Material provided:

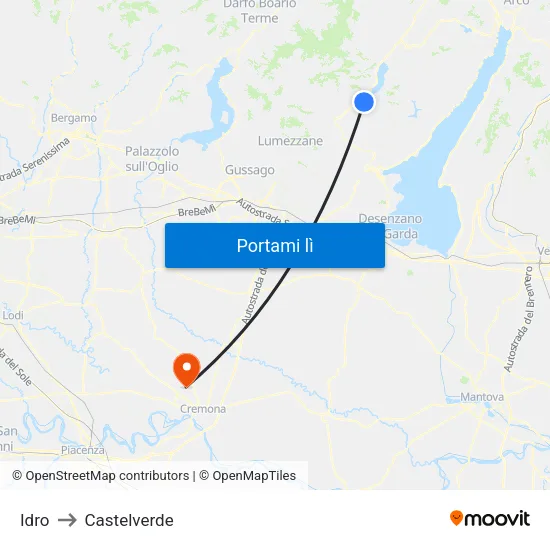 Idro to Castelverde map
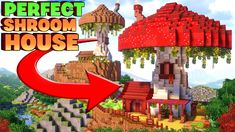 the perfect shroom house in minecraft with an arrow pointing to it's right side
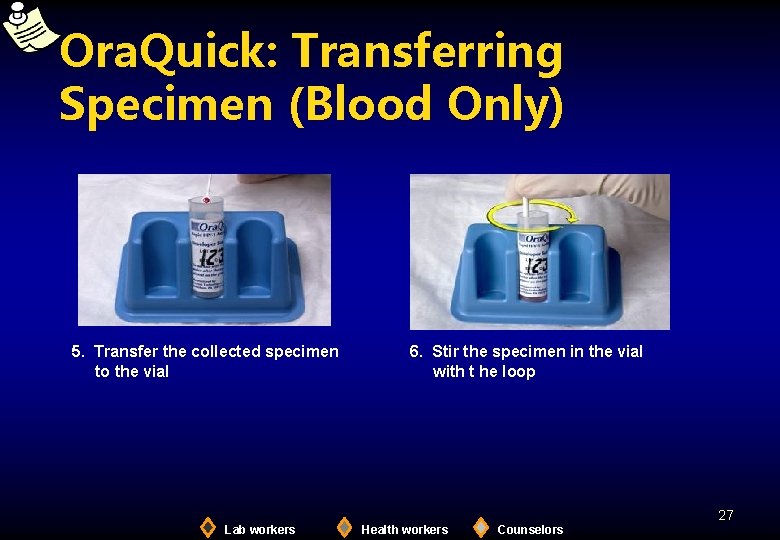 Ora. Quick: Transferring Specimen (Blood Only) 5. Transfer the collected specimen to the vial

Brief:
Repeat the material line for line. Pictures stay out of the copy.

Written solution:
 Idro to Castelverde map
 the perfect shroom house in minecraft with an arrow pointing to it's right side
 Ora. Quick: Transferring Specimen (Blood Only) 5. Transfer the collected specimen to the vial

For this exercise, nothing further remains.